Try it: Out of the material that follows, write out exactly the lines from the line with "Black Premium Thick" to the line with "SUNGLASSES THRESHER SUNGLASS", both ends included, and no others.

Data excerpts:
☆ ☆ ☆ ☆ ☆ ☆ ☆
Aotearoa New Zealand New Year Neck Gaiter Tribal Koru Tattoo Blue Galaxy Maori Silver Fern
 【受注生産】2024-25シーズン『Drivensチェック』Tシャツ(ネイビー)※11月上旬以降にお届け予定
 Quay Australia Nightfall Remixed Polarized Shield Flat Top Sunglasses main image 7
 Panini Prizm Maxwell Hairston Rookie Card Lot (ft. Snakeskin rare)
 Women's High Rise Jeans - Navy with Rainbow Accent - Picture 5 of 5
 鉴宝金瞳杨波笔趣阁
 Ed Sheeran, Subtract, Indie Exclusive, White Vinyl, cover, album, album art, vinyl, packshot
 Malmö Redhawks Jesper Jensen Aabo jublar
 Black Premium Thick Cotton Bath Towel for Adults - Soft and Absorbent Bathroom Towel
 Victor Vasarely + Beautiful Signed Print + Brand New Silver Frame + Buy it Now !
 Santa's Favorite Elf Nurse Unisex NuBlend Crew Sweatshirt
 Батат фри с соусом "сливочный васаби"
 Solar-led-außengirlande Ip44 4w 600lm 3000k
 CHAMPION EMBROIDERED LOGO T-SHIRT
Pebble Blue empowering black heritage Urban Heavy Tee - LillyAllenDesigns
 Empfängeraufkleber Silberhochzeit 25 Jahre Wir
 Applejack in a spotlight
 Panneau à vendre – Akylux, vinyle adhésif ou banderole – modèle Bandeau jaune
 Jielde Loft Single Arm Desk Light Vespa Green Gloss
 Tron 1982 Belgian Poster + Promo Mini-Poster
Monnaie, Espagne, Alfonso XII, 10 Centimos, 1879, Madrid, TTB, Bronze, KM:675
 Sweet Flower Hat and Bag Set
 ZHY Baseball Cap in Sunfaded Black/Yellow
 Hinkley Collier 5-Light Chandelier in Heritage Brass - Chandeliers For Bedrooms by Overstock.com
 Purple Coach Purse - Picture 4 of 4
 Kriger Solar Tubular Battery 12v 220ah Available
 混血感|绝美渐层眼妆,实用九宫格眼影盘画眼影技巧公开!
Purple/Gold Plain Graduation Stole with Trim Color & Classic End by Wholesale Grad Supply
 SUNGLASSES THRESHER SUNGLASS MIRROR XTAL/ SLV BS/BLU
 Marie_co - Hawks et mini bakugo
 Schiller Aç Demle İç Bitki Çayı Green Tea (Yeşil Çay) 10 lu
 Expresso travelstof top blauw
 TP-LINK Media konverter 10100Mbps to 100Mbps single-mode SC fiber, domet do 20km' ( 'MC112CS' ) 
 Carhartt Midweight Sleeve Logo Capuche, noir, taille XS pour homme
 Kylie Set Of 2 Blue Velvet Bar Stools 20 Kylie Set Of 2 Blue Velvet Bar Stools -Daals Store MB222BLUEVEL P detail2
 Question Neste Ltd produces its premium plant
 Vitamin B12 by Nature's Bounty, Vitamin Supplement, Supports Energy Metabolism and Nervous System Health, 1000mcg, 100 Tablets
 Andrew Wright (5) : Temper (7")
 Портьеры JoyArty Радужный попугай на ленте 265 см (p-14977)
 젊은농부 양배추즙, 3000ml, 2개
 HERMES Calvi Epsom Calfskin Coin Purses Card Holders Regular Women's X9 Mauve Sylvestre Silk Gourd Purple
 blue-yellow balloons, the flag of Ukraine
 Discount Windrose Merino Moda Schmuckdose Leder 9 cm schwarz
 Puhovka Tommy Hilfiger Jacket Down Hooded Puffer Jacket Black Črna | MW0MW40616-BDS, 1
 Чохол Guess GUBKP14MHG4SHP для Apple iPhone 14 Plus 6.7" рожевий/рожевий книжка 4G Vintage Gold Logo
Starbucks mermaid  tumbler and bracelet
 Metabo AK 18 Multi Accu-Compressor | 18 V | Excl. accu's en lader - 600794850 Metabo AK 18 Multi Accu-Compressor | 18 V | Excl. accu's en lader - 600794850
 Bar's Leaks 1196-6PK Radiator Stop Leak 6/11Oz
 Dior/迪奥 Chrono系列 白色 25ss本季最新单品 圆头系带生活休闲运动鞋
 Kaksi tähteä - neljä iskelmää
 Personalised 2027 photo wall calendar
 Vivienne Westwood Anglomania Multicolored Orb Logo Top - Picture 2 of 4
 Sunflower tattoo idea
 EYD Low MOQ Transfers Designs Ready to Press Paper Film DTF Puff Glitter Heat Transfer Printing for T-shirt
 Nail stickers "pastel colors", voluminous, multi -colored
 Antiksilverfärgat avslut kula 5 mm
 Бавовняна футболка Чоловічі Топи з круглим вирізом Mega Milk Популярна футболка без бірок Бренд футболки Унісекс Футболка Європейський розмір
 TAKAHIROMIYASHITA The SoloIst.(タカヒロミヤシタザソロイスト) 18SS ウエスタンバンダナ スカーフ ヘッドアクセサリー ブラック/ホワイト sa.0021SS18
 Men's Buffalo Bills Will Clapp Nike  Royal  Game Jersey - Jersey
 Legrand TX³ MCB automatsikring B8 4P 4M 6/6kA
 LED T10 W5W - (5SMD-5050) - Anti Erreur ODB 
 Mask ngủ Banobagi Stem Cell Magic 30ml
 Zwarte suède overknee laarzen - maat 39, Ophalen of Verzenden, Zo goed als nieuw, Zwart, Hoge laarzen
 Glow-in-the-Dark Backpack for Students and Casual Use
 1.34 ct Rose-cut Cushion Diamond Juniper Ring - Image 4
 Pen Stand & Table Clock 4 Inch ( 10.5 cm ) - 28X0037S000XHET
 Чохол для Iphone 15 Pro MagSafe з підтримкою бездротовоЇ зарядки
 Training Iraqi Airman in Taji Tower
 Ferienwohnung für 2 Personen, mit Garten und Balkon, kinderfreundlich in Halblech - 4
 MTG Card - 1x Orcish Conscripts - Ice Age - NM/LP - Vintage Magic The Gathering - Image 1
☆ ☆ ☆ ☆ ☆ ☆ ☆
Your solution:
 Black Premium Thick Cotton Bath Towel for Adults - Soft and Absorbent Bathroom Towel
 Victor Vasarely + Beautiful Signed Print + Brand New Silver Frame + Buy it Now !
 Santa's Favorite Elf Nurse Unisex NuBlend Crew Sweatshirt
 Батат фри с соусом "сливочный васаби"
 Solar-led-außengirlande Ip44 4w 600lm 3000k
 CHAMPION EMBROIDERED LOGO T-SHIRT
Pebble Blue empowering black heritage Urban Heavy Tee - LillyAllenDesigns
 Empfängeraufkleber Silberhochzeit 25 Jahre Wir
 Applejack in a spotlight
 Panneau à vendre – Akylux, vinyle adhésif ou banderole – modèle Bandeau jaune
 Jielde Loft Single Arm Desk Light Vespa Green Gloss
 Tron 1982 Belgian Poster + Promo Mini-Poster
Monnaie, Espagne, Alfonso XII, 10 Centimos, 1879, Madrid, TTB, Bronze, KM:675
 Sweet Flower Hat and Bag Set
 ZHY Baseball Cap in Sunfaded Black/Yellow
 Hinkley Collier 5-Light Chandelier in Heritage Brass - Chandeliers For Bedrooms by Overstock.com
 Purple Coach Purse - Picture 4 of 4
 Kriger Solar Tubular Battery 12v 220ah Available
 混血感|绝美渐层眼妆,实用九宫格眼影盘画眼影技巧公开!
Purple/Gold Plain Graduation Stole with Trim Color & Classic End by Wholesale Grad Supply
 SUNGLASSES THRESHER SUNGLASS MIRROR XTAL/ SLV BS/BLU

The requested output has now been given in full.